Determining Your Home Desired Category
There are categories in place that can assist you when making an educated decision about the home you choose. Generally, fixer-upper properties can be categorized in 3 ways:  a tear down, a cosmetic fixer or outdated and simply ugly. Becoming aware of the extensive repairs, remodeling and do it yourself projects needed to renovate the home, will tell you exactly where your fixer-upper falls.  Knowing this will help you determine if this project will be worthwhile.

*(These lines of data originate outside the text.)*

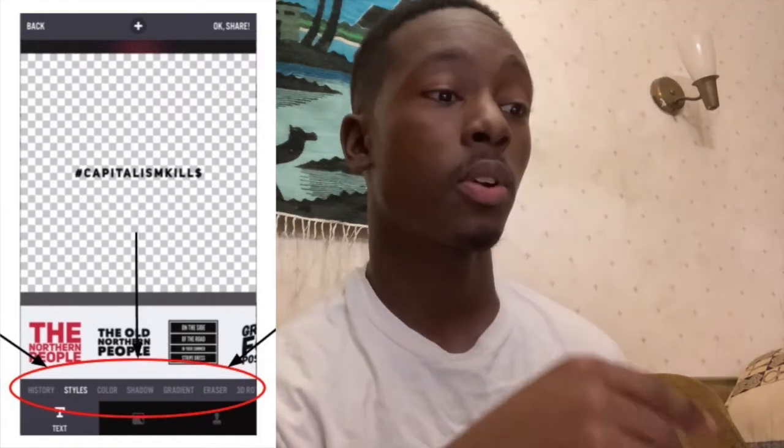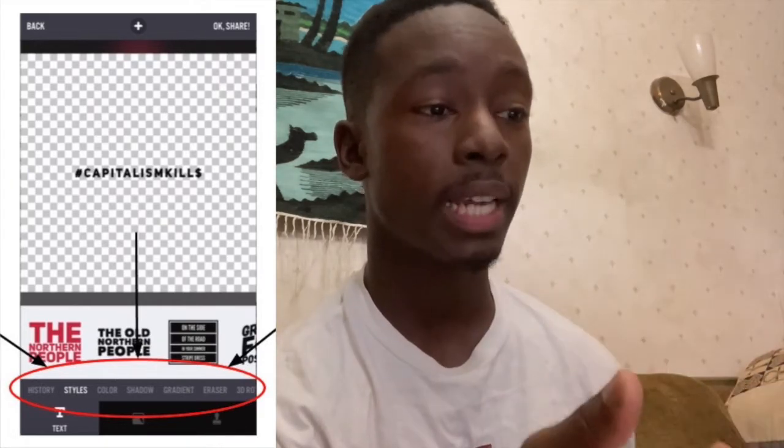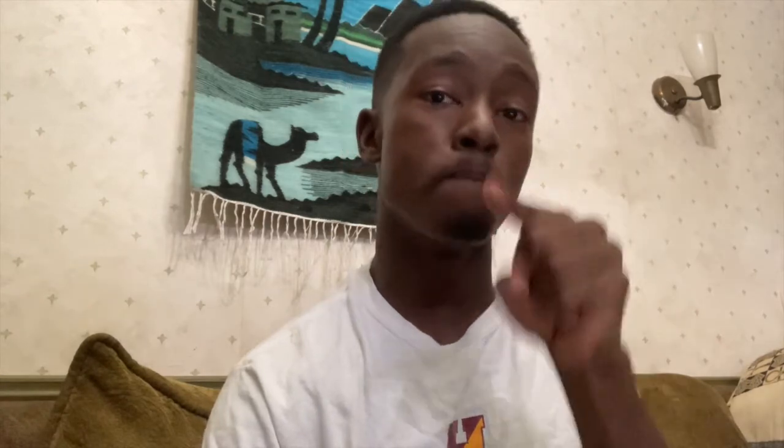Next to styles is Color — you can use that to change the color of your text, add a shadow to the design, or even add a gradient. I was primarily sticking in the styles section and just used color to adjust my text so it would work on either a black or white shirt. I'm going to pull up a different screen recording and fast-forward so you guys can see what I wound up landing on.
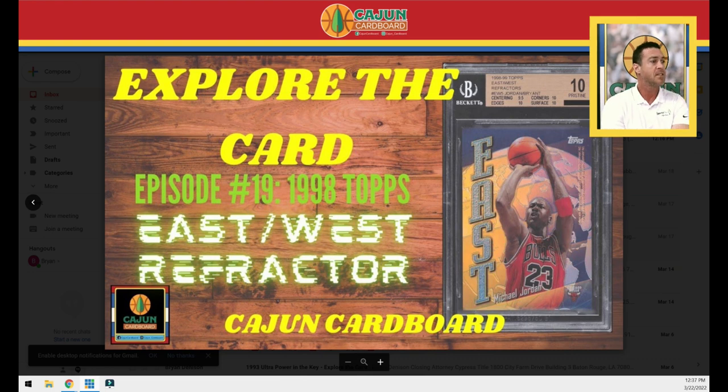Hey guys, Cajun Cardboard coming at you from the great state of Louisiana with another episode of Explore the Card. You're going to be watching this on Friday, March 25th. Today's episode, we are going to feature the 1998 Topps East-West Refractor — a really beautiful Jordan insert and parallel.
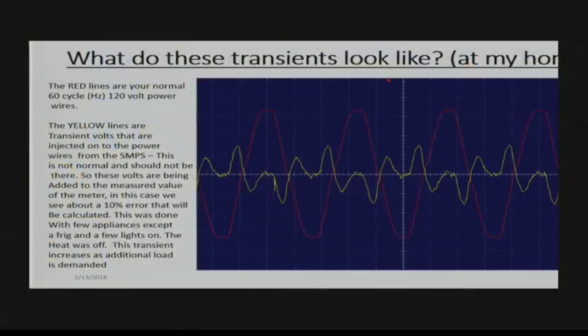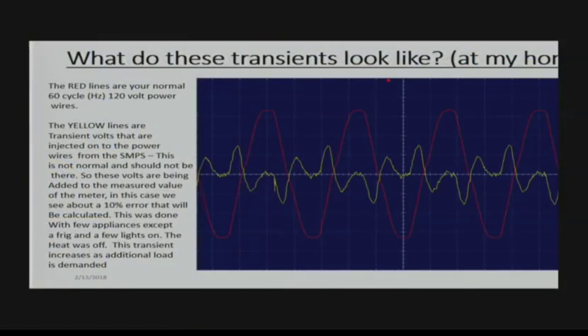So this is an oscilloscope graph. I have all this equipment — oscilloscope, spectrum analyzers, all kinds of digital stuff. I do have an increased bill in the last few months. I do have an opt-out meter on my home. So in my home, I see a 16-volt peak-to-peak transient on top of the normal 60-cycle voltage sine wave — 120 volts sine wave. The yellow lines off my oscilloscope show transients above 60 hertz that inject additional voltage.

For tear downs, otherwise known as houses in distress, there are no warranties. Make sure a certified inspector looks over the property before you make an offer. You’ll need to be aware of how much it will cost to make the place habitable or flippable beforehand.

The Fixer-upper Checklist
Once you have determined the category of your fixer-upper, create a checklist. The checklist should have four key areas to review: location, configuration, layout and condition. Check these four areas off your list and make sure they work with your time and budget before making your purchase.

Things like location and layout are most important because there’s little room for modification here. Ideally, you want to inspect the surrounding homes and be sure the neighborhood matches your lifestyle. In terms of layout, most families prefer 3-bedroom home with more than one bath. With a bad floor plan tearing down walls and rebuilding becomes very costly.

Key Conditions to Consider
Minor cosmetic improvements are typically less costly and easier on your budget than a major renovation, but you won’t know what the home needs until you’ve had it thoroughly inspected. Here’s what you should be looking for:

  1. Membrane – Will the roof keep water out and the heat in?
  2. Electrical – Is property properly wired?
  3. Heating – What type of heat does the property use and is it sustainable?
  4. Doors and Windows – These repairs can get pricey. Determine if this will break the bank for you by getting a quote in advance
  5. Plumbing – Leaks and pressure issues are also top dollar to fix.
  6. Structure – Will your house stand up or is it subject to collapse over time?
  7. Foundation – Is the basement wet with cracks that will be a problem in the future?

If your potential home is requiring renovations you’re ready to take on, you may qualify for some financial backing from our bank! Since these home loans are backed by the government, banks are more likely to accept lower interest rates than what would be required by your typical home renovation loan. As your mortgage lender, we can find the best loan options for your needs.

Are you thinking about purchasing a home? Tell us down below!








Jennifer Ives-Groebl
Vice President, Senior Mortgage Lender
NMLS MLO ID: 532621

Author: Jennifer Ives-Groebl

Jennifer has been with Litchfield Bancorp since 1994 and was promoted to Assistant Vice President and Senior Mortgage Originator shortly after graduating the Connecticut School of Finance & Management in 1998. Stationed in both our Torrington and Litchfield locations, Jennifer is well known and respected in the local residential real estate community and recognized as a resource for some of the more difficult transactions. Jennifer resides in Torrington and is actively involved in the local community. She is a long time member of the Torrington/Winsted Rotary club and is currently serving as its Assistant Treasurer. Jennifer is involved with Litchfield County Board of Realtors and serves as chair of the Audit Committee and a member of the Public Relations Committee. She is also a member of the Fuessenich Park Partnership; and through Education Connection, has participated in the Mentoring Program.

2 thoughts on “Tips for Buying a Fixer-upper Home”

  1. I’ve been looking for some real estate options. I like that you talked about how you can find the right fixer upper real estate if you can repair the home. I’m going to have to look for some real estate options and see what we can find!

  2. I liked your breakdown of different types of fixer-uppers. I never thought about them in those categories but all of the different fixer-uppers I’ve seen fall into this category. We’ll definitely have to consider this for ourselves when we start looking at homes. Thank you!